Bu yazı daha önce Oyungezer dergisinde yayınlanmıştır.
Şimdi, diyelim ki Berkecan'ın bir kitabı olsun. Bu kitabı, iyi gelir getirir diye üç filme bölmeye karar versin. Birer sene aralıklarla bu filmleri izleyiciyle buluştursun. Filmlerinin 2/3'ü vizyona girmişken de bir oyununu yapmaya karar versin. 2/3'ünü içeren oyun sayısı bir olursa, Berkecan'ın oyunu olmayan filmi toplamın kaçta kaçıdır? Hepsinin ötesinde, bu nasıl bir organizasyondur? Açıkta kalan film gariban mıdır? HA?!
Eğer matematikle aranız iyi değilse, zaten bugüne kadar Lego oyunlarına da biraz buruk bakıyor olmalısınız. Çünkü içerisindeki espriler ya da karakterler sizi olur da çok çekmezse, odağınız sadece ve sadece sayılar oluyor. Acaba ne kadar parça topladım? Gizli objelerin kaçta kaçını buldum? Peki ya karakterler, yenilerden kaçını almaya parçalarım yeter? Ama bu problemin cevabı genelde şu oluyor: En iyisi gidip biraz daha toplayayım.
Baş kötümüz Smaug’a merhaba deyin.
İşte bu matematik aşkı, Lego The Hobbit'teki yolculuğunuz boyunca tek arkadaşınız olabilir. Çünkü ortada bazı terslikler var. Yazının başına (pek de gizleme gereksinimi duymadan) yedirdiğim üçte ikilik saçmalık bunların başında geliyor zaten.
The Hobbit, şu ana kadar çıkmış olan ilk iki filmi işliyor. Hem de sahne sahne… İlk filmdeki gibi önce Bilbo Frodo'ya hikâyesinin bu saklı parçasını anlatmaya başlıyor, sonra geçmişe dönüp maceranın kendisine atılıyoruz. Hatta senaryo filmleri o kadar yakından takip ediyor ki, filmdeki replikler bire bir dökülüyor oyun içinde.
Oyun karakteriyle, haritalarıyla şüphesiz güzel görünüyor.
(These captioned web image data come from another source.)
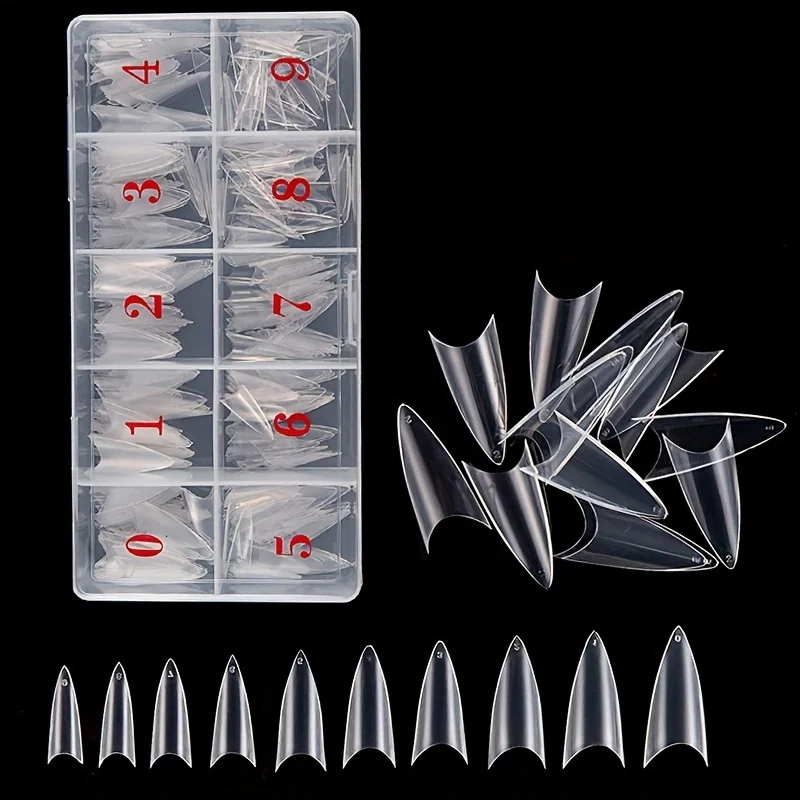 Naaldhak nageltip 500 stuks kort scherp uiteinde nep acryl nageltip halve dekking 10 maten met doos geschikt voor nagelsalon thuis doe-het-zelf (transparant natuurlijk)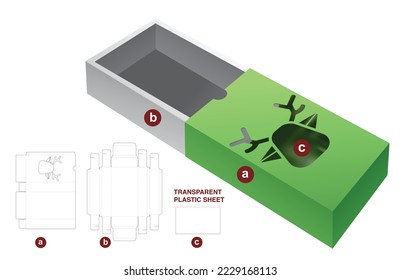 sliding box with Christmas reindeer window die cut template and 3D mockup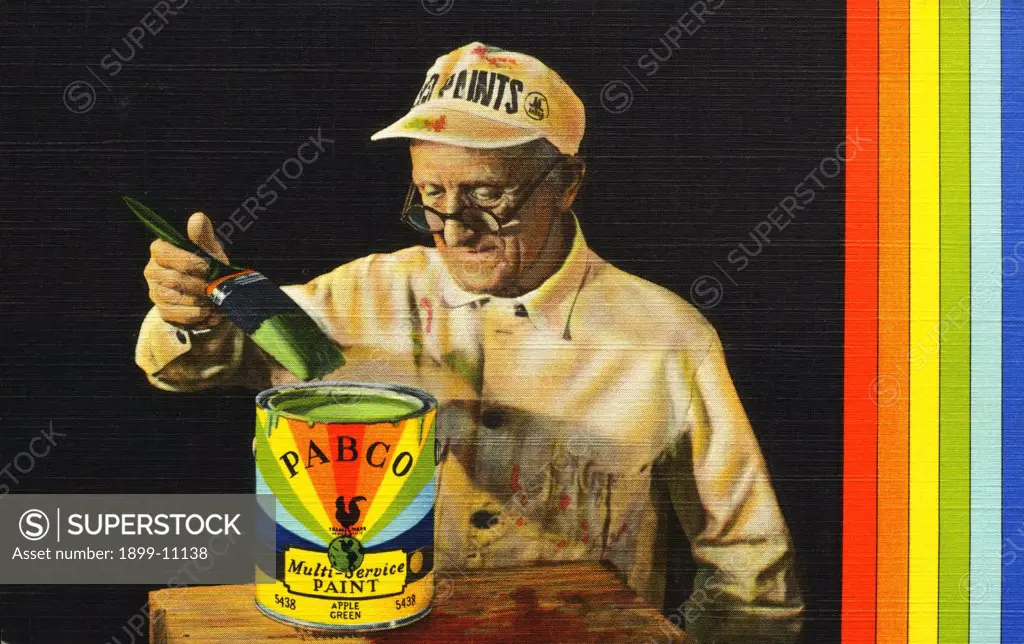 Painter with Pabco Paint. ca. 1938, Here's a card of introduction to the famous Pabco Painter, who says 'the difference between a house and a home is often found in a paint can.' We'd also like to make you acquainted with our economy plan for repainting your home. 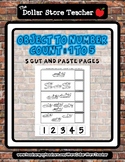 Water Transportation - Count to 5 Cut & Paste Worksheets -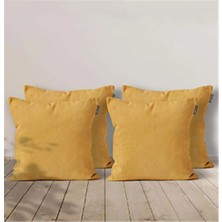 Goccia Home 4'lü Kırlent Kılıfı Dekoratif Bohem Soft Koltuk Sırt Hediyelik Punch Yapılabilir Sarı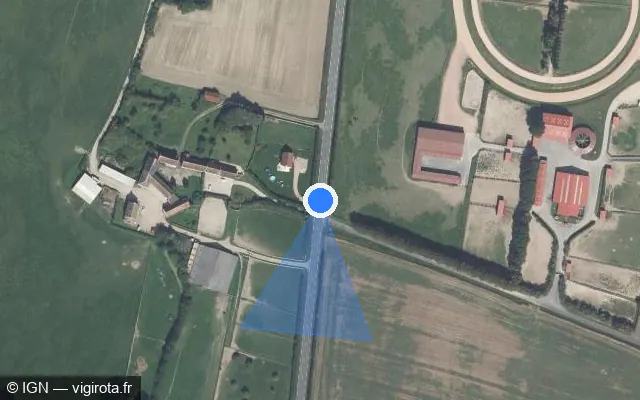 Vue satellite de l'emplacement du radar tourelle à Champcerie sur Route de Falaise / D 909
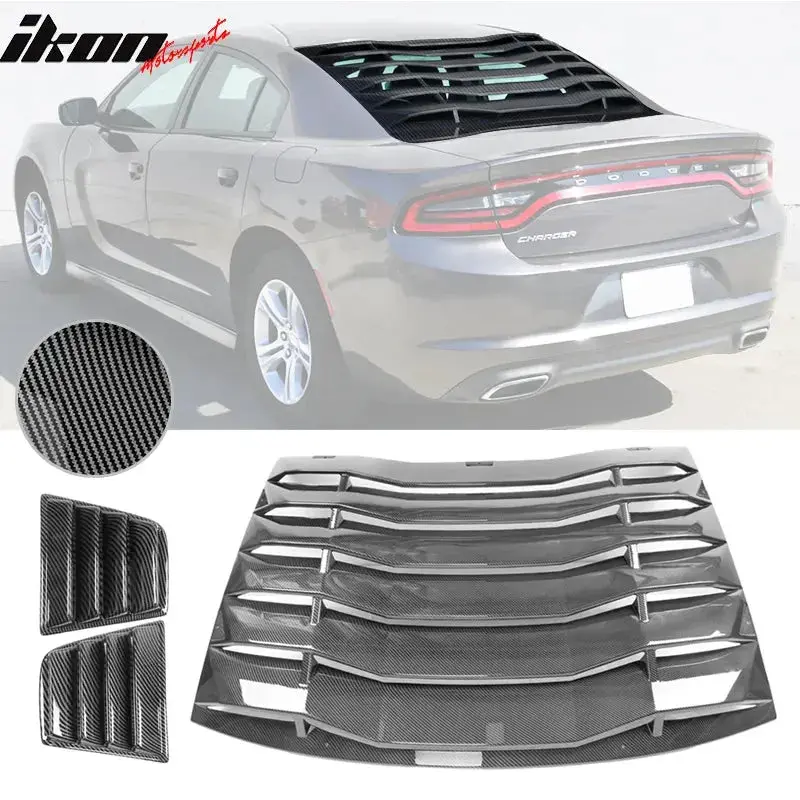 Ikon Motorsports 2008-2023 Dodge Challenger Rear Window Scoop Louver Vent 1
Evet, The Hobbit'te ufak eklemelere ya da daha önceki Lego oyunlarında olduğu gibi karakterler arası farklı sataşmalara pek yer yok. Yeni bir yorum katmak yerine eldeki malzemenin Lego’lusunu sunuyor oyun. Eskiden Lego oyunlarında, seslendirme “Ah Uh OooooOoo” gibi seslerden ibaretti hatırlarsınız, sonradan bunların yerini kısmen daha derinlikli hikâyeler ve onlara eşlik eden seslendirme sanatçıları almıştı. Böylelikle biraz daha özgürlük, biraz daha özgünlük gelmişti serinin yapımlarına. The Hobbit’te ise filmin replikleri bire bir aktarılmış ama o epik, dramatik havayı beceriksizce yaran mizah parçaları eklenmiş bir de. Ve bu eklemeler sırıtıyor, çok fena sırıtıyor.
Gandalf ve Radagast, Dol Guldur’a giderken Ian MacAllen’ın buğulu sesi sizi geriyor ama Radagast’ın Lego figürü bununla tezat oluşturan şebeklikler yapıyor arkada. Hani bunu destekleyen bir müzik var deseniz, o da yok. Çünkü müzikler de filmden. Ya Orta Dünya yok oluyor ya da kıyamet kopuyor sanıyorsunuz mütemadiyen. Bu tür sahneler hele bir de cücelerin yığınla durduğu yerlerde çok eğreti duruyor. Sürekli bir oburluk esprisi, onu kesen dramatik bir emir cümlesi.
LEGO Duplo gibi görünsek de, at binmesi keyifli.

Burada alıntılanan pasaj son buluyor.